Faute, insuffisance, mésentente : les employeurs ont fait du motif personnel la première cause de licenciement. Y a-t-il des abus, et comment réagir ?

Fait peu connu, en 2005, les licenciements économiques n’ont causé qu’un départ sur six(1). Tous les autres limogeages faisaient suite à un licenciement pour motif personnel (LMP). Ce dernier n’est pas lié à l’entreprise ou à la conjoncture, mais à la personne du salarié : il est normalement motivé par une faute, ou par une raison non disciplinaire, telle que l’insuffisance professionnelle, la perte de confiance ou la mésentente, l’inaptitude physique ou encore la désorganisation pour cause de longue maladie. En 2005, les LMP ont représenté 90% des licenciements dans la construction, 84,8% dans le tertiaire et 60,7% dans l’industrie.

De fausses raisons ?
Première explication : depuis trente ans, le licenciement pour motif économique est devenu de plus en plus cher et contraignant pour l’entreprise. Le LMP, lui, est moins coûteux en termes d’indemnités, plus discret… et plus facile. Selon le ministère du Travail, il y aurait donc eu « substitution entre les deux ». Dans certains cas, le LMP déguise même des départs en préretraite (que l’État ne finance pratiquement plus). Car grâce au licenciement pour motif personnel, « l’entreprise peut en fait licencier pour n’importe quelle raison(2) », lâche Pierre Joanny, inspecteur du travail dans le Nord et secrétaire national chez SUD Travail. La loi ne donne en effet ni définition du LMP ni liste de motifs recevables. Seul un juge, s’il est saisi, pourra apprécier l’existence d’une « cause réelle et sérieuse », unique exigence du Code du travail en la matière.
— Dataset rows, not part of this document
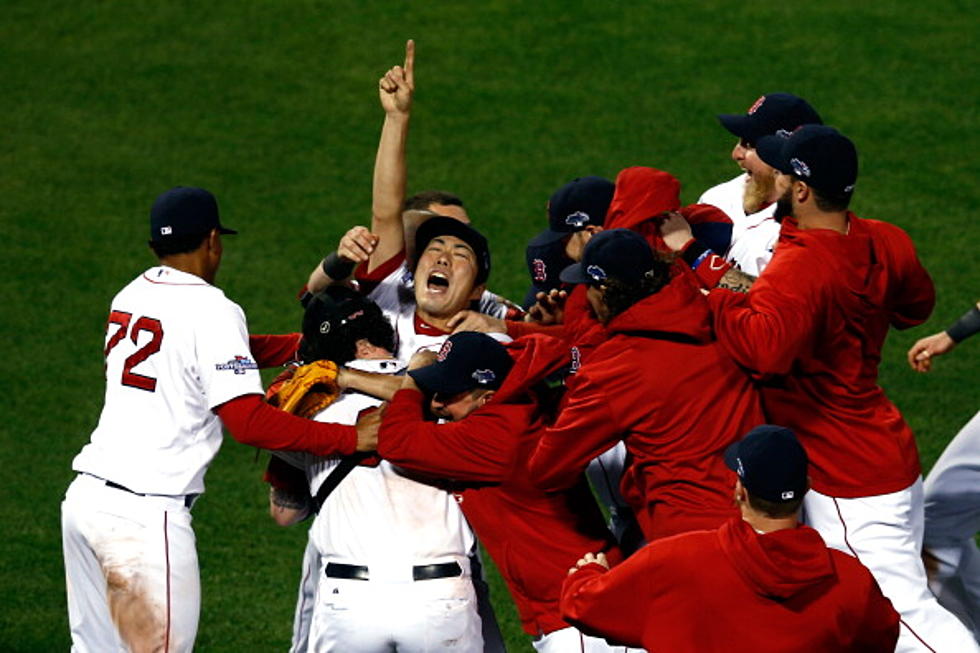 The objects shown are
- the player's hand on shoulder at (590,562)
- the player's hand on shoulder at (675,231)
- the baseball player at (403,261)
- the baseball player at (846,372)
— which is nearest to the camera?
the player's hand on shoulder at (590,562)

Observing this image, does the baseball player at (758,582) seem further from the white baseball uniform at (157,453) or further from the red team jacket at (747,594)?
the white baseball uniform at (157,453)

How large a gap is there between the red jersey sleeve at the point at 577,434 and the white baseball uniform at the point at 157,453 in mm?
1180

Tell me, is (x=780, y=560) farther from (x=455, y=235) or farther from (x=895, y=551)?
(x=455, y=235)

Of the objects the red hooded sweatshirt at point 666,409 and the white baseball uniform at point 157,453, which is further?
the white baseball uniform at point 157,453

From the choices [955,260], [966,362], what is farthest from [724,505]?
[955,260]

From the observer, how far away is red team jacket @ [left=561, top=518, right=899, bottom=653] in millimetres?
5074

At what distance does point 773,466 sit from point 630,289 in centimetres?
93

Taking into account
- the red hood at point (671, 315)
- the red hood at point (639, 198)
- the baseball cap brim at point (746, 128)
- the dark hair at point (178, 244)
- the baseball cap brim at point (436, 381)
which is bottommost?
the baseball cap brim at point (436, 381)

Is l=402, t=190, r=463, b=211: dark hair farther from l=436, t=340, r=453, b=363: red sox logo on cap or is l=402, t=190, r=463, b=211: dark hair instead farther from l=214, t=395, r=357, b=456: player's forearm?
l=214, t=395, r=357, b=456: player's forearm

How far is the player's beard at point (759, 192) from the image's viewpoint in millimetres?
7238

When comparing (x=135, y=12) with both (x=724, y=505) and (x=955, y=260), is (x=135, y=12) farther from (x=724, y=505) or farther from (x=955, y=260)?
(x=724, y=505)

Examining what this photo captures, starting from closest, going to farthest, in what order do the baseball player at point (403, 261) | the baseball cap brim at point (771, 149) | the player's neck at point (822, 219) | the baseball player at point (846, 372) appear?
the baseball player at point (846, 372) → the player's neck at point (822, 219) → the baseball cap brim at point (771, 149) → the baseball player at point (403, 261)

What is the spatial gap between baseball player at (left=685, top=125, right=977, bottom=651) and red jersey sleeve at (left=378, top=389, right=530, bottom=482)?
85cm

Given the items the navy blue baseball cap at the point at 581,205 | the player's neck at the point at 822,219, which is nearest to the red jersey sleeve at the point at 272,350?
the navy blue baseball cap at the point at 581,205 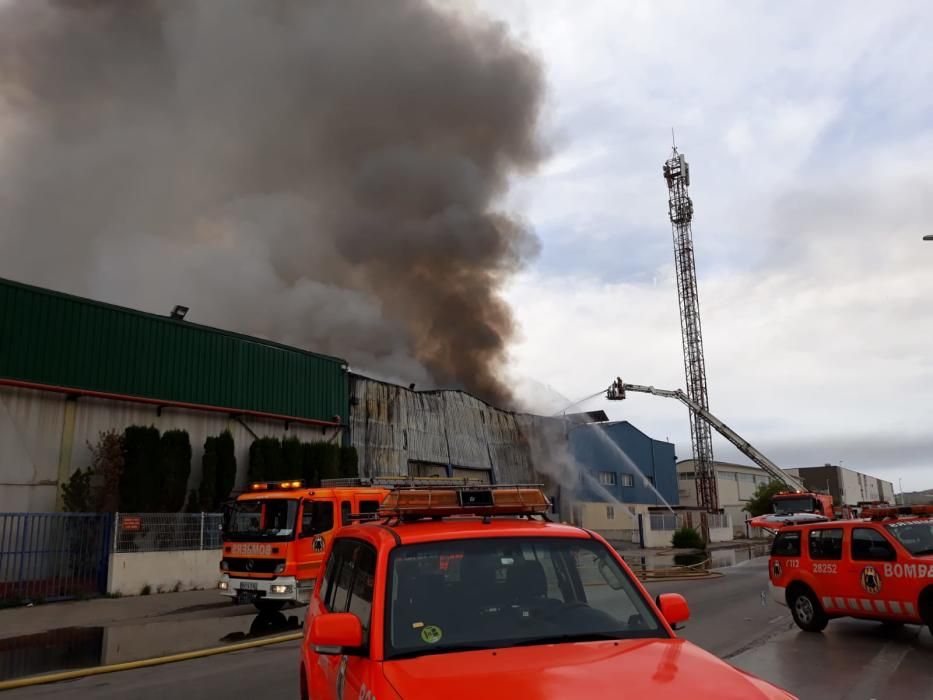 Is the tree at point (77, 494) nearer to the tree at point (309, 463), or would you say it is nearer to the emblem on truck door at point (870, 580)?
the tree at point (309, 463)

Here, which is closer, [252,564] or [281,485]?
[252,564]

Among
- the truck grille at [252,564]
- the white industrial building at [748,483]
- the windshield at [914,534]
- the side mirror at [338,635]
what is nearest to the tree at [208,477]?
the truck grille at [252,564]

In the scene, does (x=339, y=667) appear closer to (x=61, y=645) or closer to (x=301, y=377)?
(x=61, y=645)

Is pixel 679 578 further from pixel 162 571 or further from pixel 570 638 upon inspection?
pixel 570 638

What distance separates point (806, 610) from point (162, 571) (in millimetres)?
13795

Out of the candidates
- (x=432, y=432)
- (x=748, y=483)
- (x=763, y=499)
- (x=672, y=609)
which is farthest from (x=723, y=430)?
(x=672, y=609)

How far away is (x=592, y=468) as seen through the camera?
41.7 meters

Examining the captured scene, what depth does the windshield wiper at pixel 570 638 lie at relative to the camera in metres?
2.97

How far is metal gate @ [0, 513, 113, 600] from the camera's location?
14.9 metres

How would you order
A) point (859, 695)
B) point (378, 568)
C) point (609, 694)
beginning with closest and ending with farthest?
point (609, 694), point (378, 568), point (859, 695)

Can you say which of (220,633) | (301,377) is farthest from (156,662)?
(301,377)

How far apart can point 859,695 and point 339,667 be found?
526 cm

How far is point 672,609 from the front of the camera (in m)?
3.35

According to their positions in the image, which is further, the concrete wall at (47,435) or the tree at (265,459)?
the tree at (265,459) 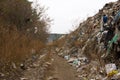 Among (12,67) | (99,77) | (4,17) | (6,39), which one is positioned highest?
(4,17)

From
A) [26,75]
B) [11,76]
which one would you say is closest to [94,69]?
[26,75]

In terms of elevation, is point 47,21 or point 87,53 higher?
point 47,21

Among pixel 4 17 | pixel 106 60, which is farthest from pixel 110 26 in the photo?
pixel 4 17

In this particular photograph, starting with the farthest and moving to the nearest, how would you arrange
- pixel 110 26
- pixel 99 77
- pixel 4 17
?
pixel 4 17, pixel 110 26, pixel 99 77

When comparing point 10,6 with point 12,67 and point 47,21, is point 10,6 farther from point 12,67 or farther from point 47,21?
point 47,21

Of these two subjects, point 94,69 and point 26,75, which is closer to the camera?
point 26,75

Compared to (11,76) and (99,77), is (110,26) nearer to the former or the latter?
(99,77)

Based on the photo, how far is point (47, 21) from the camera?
2384cm

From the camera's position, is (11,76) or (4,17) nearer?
(11,76)

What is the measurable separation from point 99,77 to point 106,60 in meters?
1.16

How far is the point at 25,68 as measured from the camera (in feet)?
24.5

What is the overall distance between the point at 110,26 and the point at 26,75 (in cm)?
384

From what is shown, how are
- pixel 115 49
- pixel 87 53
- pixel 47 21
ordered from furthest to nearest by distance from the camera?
pixel 47 21
pixel 87 53
pixel 115 49

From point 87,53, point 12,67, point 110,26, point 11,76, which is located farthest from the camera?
point 87,53
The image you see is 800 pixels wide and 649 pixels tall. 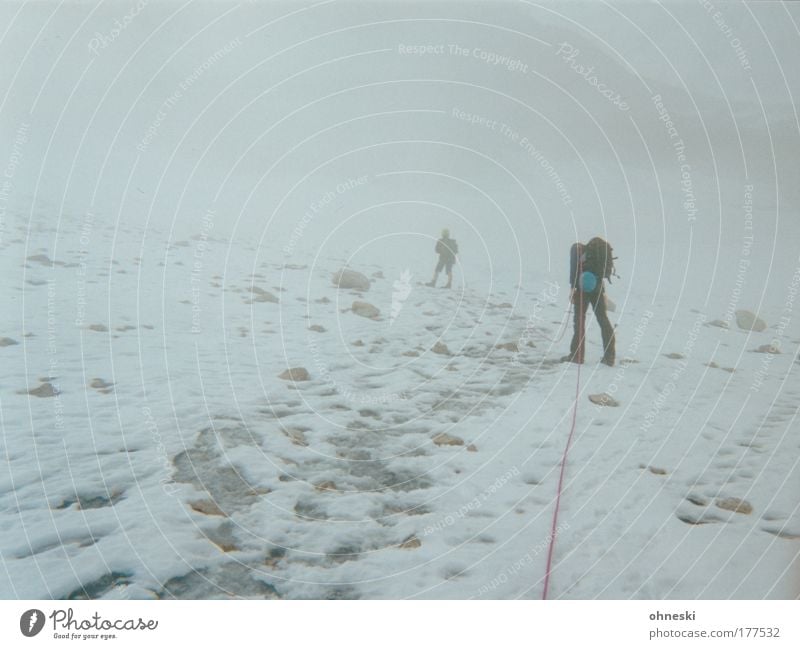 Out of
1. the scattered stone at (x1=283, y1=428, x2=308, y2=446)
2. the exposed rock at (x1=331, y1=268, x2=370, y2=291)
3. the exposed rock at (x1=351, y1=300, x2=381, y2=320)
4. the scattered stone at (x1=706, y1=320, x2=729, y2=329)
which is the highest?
the exposed rock at (x1=331, y1=268, x2=370, y2=291)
Concrètement, la réalité du motif doit être prouvée par des éléments objectifs et vérifiables, et la sanction proportionnée à la cause. Or, observe Chantal Verdin, « les motifs de rupture concernent de plus en plus l’attitude du salarié : différends relationnels, refus de collaboration, langage jugé irrespectueux… On a même vu un cadre incriminé pour avoir écrit “bisous” dans un mail à une collègue », raconte la présidente de la section encadrement (collège salarié) au conseil des prud’hommes de Paris. Des questions relationnelles délicates à trancher : « On est dans l’appréciation subjective, et la jurisprudence est encore peu fournie. »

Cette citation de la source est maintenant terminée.